Who was this Albert Lasker whose energy and imagination ran in so many directions at once? And who was, in his own words, driven by 1,000 devils? His friends considered him charming, brilliant, thrilling and exhausting. His subordinates admired him enormously and dreaded his arrival at the office and the tumult that inevitably ensued.

Clients quickly learned that there was no such thing as a half embrace of or by Albert Lasker. He pursued life with a fervor that offended and alienated many people. "A lot of people can't stand me," he once admitted, "because they think I'm too aggressive and too dynamic. Little men," to use his terminology, "were driven off by it. Big men, such as RCA's David Sarnoff and American Tobacco's George Washington Hill, drew energy from it. They looked forward to fighting with Lasker. They learned from him, too.

"He's the only man I felt I'd like to murder every now and then," Herbert Field confessed, almost 20 years after being pushed out of his senior position at the advertising agency, then adding, "There isn't a finer man living." "I'd like to kick him in the back," said a former associate who left under duress, but then added, "I've never met a man as colorful and viral and as personable as Mr. Albert Lasker. Never." Lasker's energy and passion infused both his personal and professional lives. And sometimes, those 2 lives converged.

One Monday morning in 1939, his top lieutenants gathered for their weekly state of the agency meeting. This was no ordinary Monday, however, it was the first meeting after the very public unraveling of Lasker's second marriage, a disastrous union with a Hollywood starlet that fell apart even before their honeymoon ended. Everyone in the room knew all the salacious details. All were eager to see how the boss would handle the situation.

The door from Lasker's office opened and he walked in and said, "Gentlemen, in his life, every man has a right to make one mistake. I have made mine," and then the meeting began. Lasker, who's often referred to as the father of modern advertising, exerted an enormous influence on his industry. Before he arrived on the scene, advertising agencies were mostly brokers of space in newspapers and magazines. With Lasker's prodding, the industry became a creative force and began earning substantial commissions.

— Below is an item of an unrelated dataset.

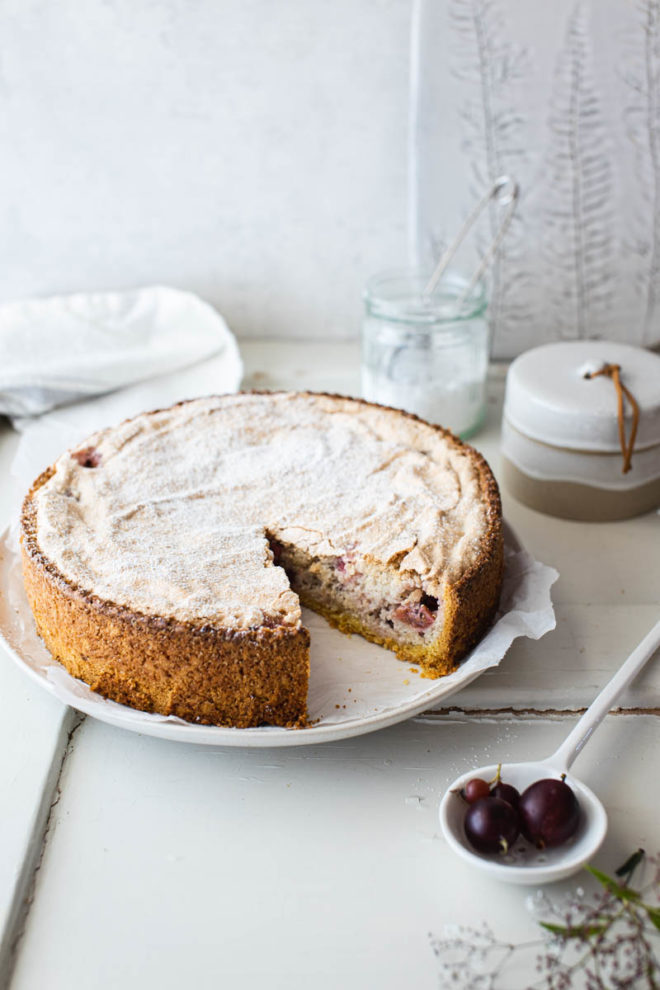 Stachelbeer Baiser Kuchen mit Mandeln – Rezept Hey Foodsister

Lasker worked his magic by relying on the power of ideas. The list of companies and brands that he held to launch or revitalize, in large part through the selective amplification of powerful ideas and in part through his own instinct for drama, is unparalleled in the history of advertising. Lasker invented a particular kind of ad agency, one that delivered high service to a relatively small number of key accounts, most often driven by a personal relationship between himself and the head of the client company.

The result was high margins and for Lasker, enormous personal wealth. He maintained close relationships with dozens of powerful business people and applied the insights he gained in one context to give advice in others. "Give him an equal knowledge of the facts," said RCA's legendary head David Sarnoff, "And I'd rather have his judgment than anybody else's I know." Sometimes Lasker failed and failed spectacularly, but he always rebounded.

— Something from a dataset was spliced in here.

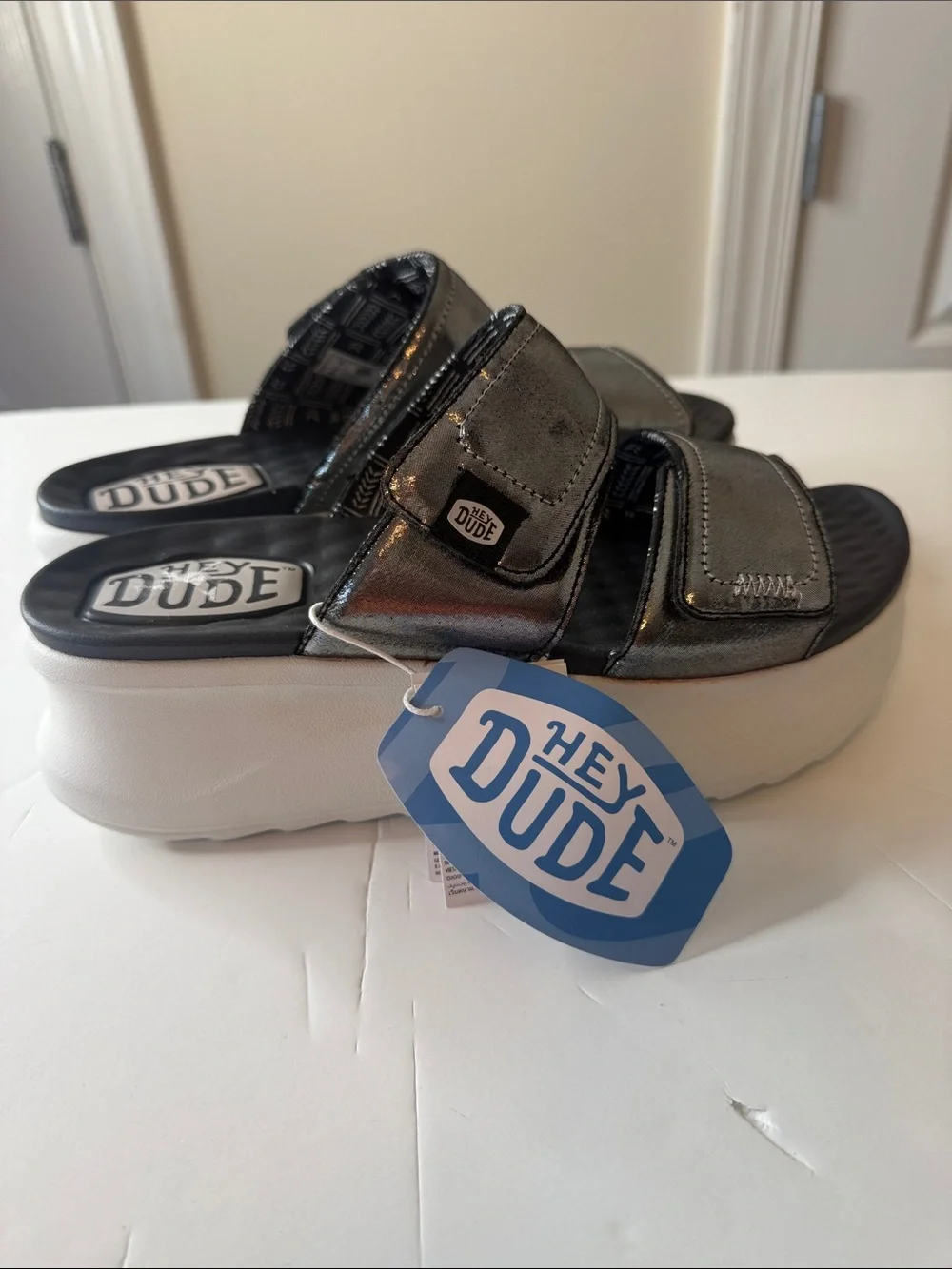 Hey Dude Delray Platform Slides Size 9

Lasker's scope and impact were nothing short of astounding, and he knew it. "There wasn't a living American in so many ways each day partially responsible for people doing as many things as I was," he once commented, "That is provable," he said. Lasker was blessed or cursed with an extraordinary high energy level, but there was another side to this intensity. He suffered most of his adult life from a major depressive illness. At the age of 27, he experienced a complete mental and emotional collapse. "I could do nothing but cry," he said. And unfortunately, for Lasker, the pattern set by this first breakdown persisted for most of his life.

I always say that I got over all my breakdowns, except the first one. He slept poorly, drank heavily. Under the influence of alcohol, he once attempted to drive a horse-drawn carriage into a bar. He suffered from dramatic mood swings and indulged in impulsive behaviors. Drawing on his reserves of energy, self-awareness and determination, Lasker fought back against his illness. He survived and flourished.

His rare ability to put troubled geniuses to work on challenging problems, legendary advertising talents like John E. Kennedy and Claude Hopkins grew in part from the fact that he himself had been driven by 1,000 devils. In his final years, Lasker developed an absolute passion for anonymity in everything he did. Little by little, Lasker became invisible. The curtain that Lasker created between himself and the pages of history became almost impenetrable. This book parts that curtain to reveal the man behind it, the real and extraordinary Albert Lasker. The man who sold America.

That was an excerpt from the book that I'm going to talk to you about today, which is The Man Who Sold America: The Amazing (but True!) Story of Albert Lasker and the Creation of the Advertising Century and it was written by Jeffrey Cruikshank and Arthur Schultz.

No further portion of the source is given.